Выбрать главу

Античное представление о неизбежном и естественном характере разложения правильных форм правления, таким образом, оказалось полностью отброшено, поскольку формы правления можно оценивать только во взаимосвязи с социальными и политическими отношениями, создающими институты. Точно так же отброшено было свойственное Просвещению и современности представление о неизбежности кризиса пространства и времени в условиях отсутствия границ и контроля, потому что оно возвращало к сфере гражданской власти: только на этом и ни на каком ином основании можно оценивать пространство и время. Выбор, таким образом, делается не между правлением и разложением, Империей и распадом, а между, с одной стороны, социально укорененным и расширяющим свои границы правлением, то есть правлением "гражданским" и "демократическим", а с другой — различными практиками правления, когда власть основывается на трансценденции и подавлении. Здесь необходимо пояснить, что, когда мы, беря их в кавычки, говорим о понятиях "града" или "демократии" как об основе экспансионистской активности Республики и как о единственной возможности образования прочной Империи, мы вводим идею участия, связанного с жизненной силой населения и его способностыо порождать диалектику власти и контрвласти, — идею, которая имеет мало общего с классической или характерной для современности идеей демократии. С такой точки зрения "демократическим" в какой-то степени были даже правление Чингисхана и Тамерлана, а также легионов Цезаря, армий Наполеона и армий Сталина и Эйзенхауэра, ибо все они сделали возможным участие населения, которое поддерживало их экспансионистскую деятельность. Суть всех перечисленных примеров и общей идеи Империи заключается в утверждении пространства имманентности. Имманентность определяется как отсутствие всяких внешних ограничений, задаваемых той или иной направленностью действия масс, причем в своем утверждении и разрушении имманентность связана лишь с режимами возможности, которые служат основой ее возникновения и развития.

Здесь мы возвращаемся к сути парадокса, согласно которому всякая теория Империи предполагает возможность ее упадка, но теперь мы можем приступить к его объяснению.
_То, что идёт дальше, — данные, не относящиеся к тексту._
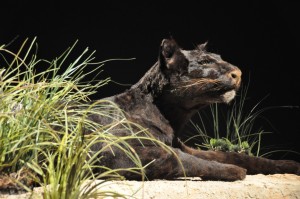 22 - 2015-11-04 - Etterbeek - Naturkundemuseum 004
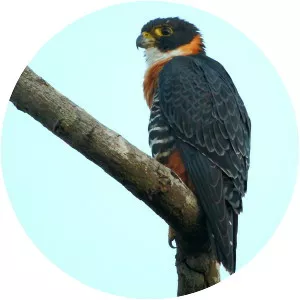 Orange-breasted falcon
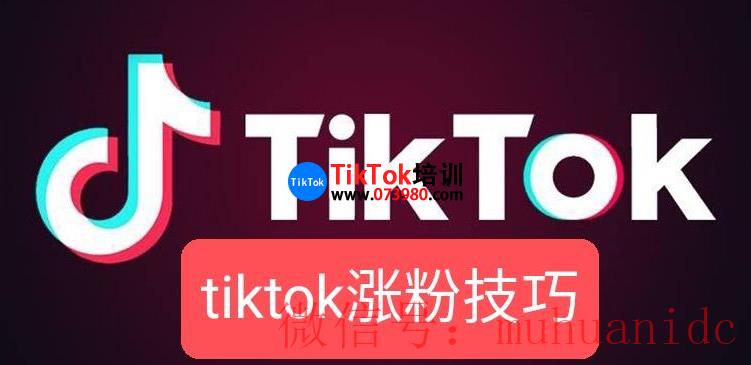 tiktok账号购买平台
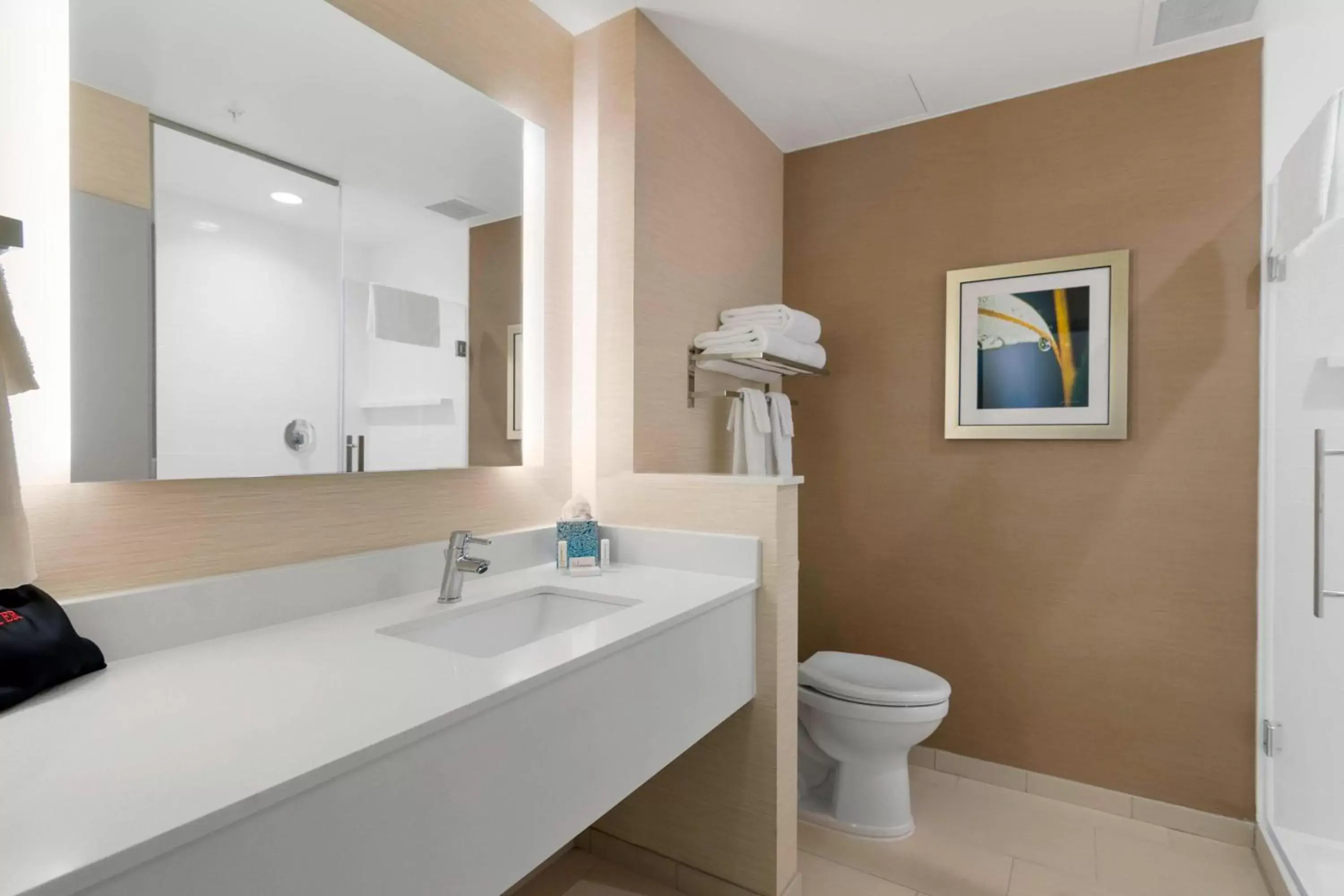 Bathroom in Fairfield Inn & Suites by Marriott St Petersburg North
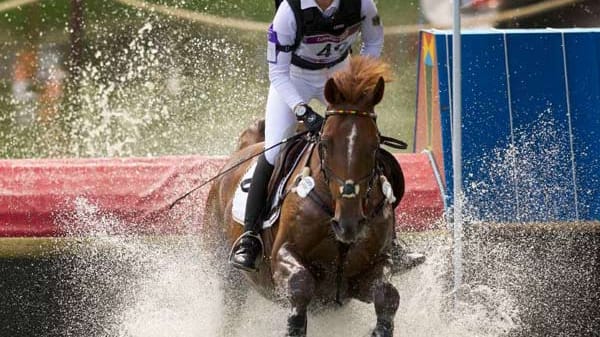 Sandra Auffarth gehört 2012 der Mannschaft der Vielseitigkeitsreiter in London an. Sie holt auf ihrem Pferd Opgun Louvo nicht nur Bronze im Einzel, sondern auch Gold mit der Mannschaft. Im November wird ihr das Silberne Lorbeerblatt verliehen.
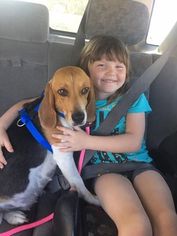 Beagle Dogs for adoption in Tucson, AZ, USA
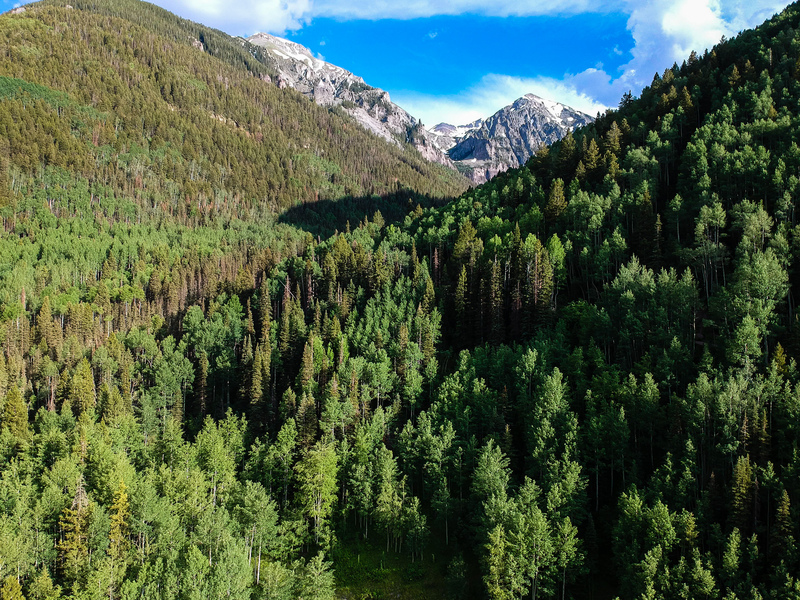 Majesty(1).jpg :: DCIM/100MEDIA/DJI_0353.JPG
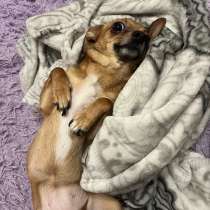 Той терьер, в Ессентуках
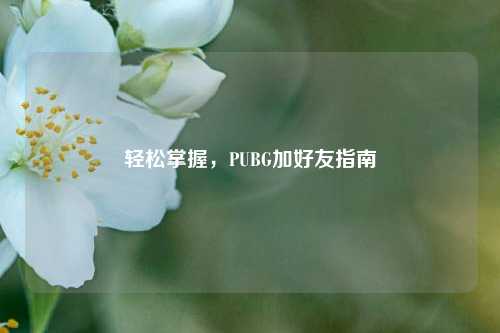 轻松掌握，PUBG加好友指南
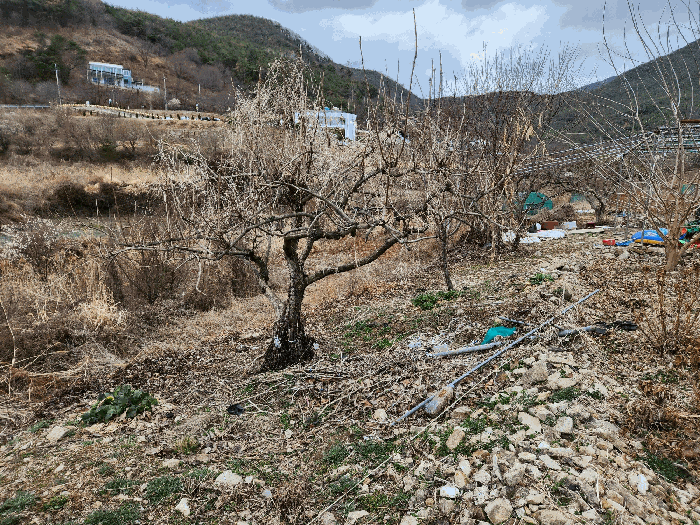 사진 15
Если Империя всегда олицетворяет безусловную позитивность, осуществление правления масс и всецело имманентный аппарат, то она оказывается незащищенной от кризиса в силу самого этого определения, а не потому, что ей противостоит какая-то иная необходимость или трансценденция. Кризис свидетельствует о существовании альтернативной возможности в плане имманенции; кризис не предопределен, но всегда возможен. Макиавелли помогает нам понять этот имманентный, конститутивный и онтологический смысл кризиса. Однако лишь в нынешней ситуации это сосуществование кризиса и поля имманентности становится полностью очевидным. Поскольку пространственное и временное измерения политической деятельности перестают быть пределами и превращаются в созидающие механизмы имперского правления, сосуществование позитивного и негативного в пространстве имманентности теперь выступает как открытая альтернатива. Сегодня одни и те же движения и тенденции служат причиной и возникновения, и распада Империи.

Finis Europae (Витгенштейн)

Сосуществование имперского духа со знамениями кризиса и упадка нашло различные выражения в европейском дискурсе последних двух столетий, зачастую принимая форму рефлексии либо на тему конца европейской гегемонии, либо — кризиса демократии и торжества массового общества. На всем протяжении этой книги мы утверждали, что в период современности правительства Европы развивали не имперские, а империалистические формы. Идея Империи, тем не менее, сохранялась в Европе, а отсутствие ее реального воплощения постоянно вызывало сожаление. Европейские споры об Империи и причинах ее упадка интересны нам по двум основным причинам: во-первых, в центре этих споров стояла тема кризиса идеала имперской Европы, и, во-вторых, этот кризис бьет именно по тому скрытому содержанию определения Империи, которое связано с идеей демократии. Другой момент, который мы должны иметь здесь в виду, — это позиция, с какой велись споры: точка зрения, принимающая историческую драму упадка Империи с позиций опыта коллективного существования. Тема кризиса Европы превратилась в дискурс об упадке Империи и переплелась с темой кризиса демократии, а также с вопросами о формах сознания и сопротивления, порождаемых этим кризисом.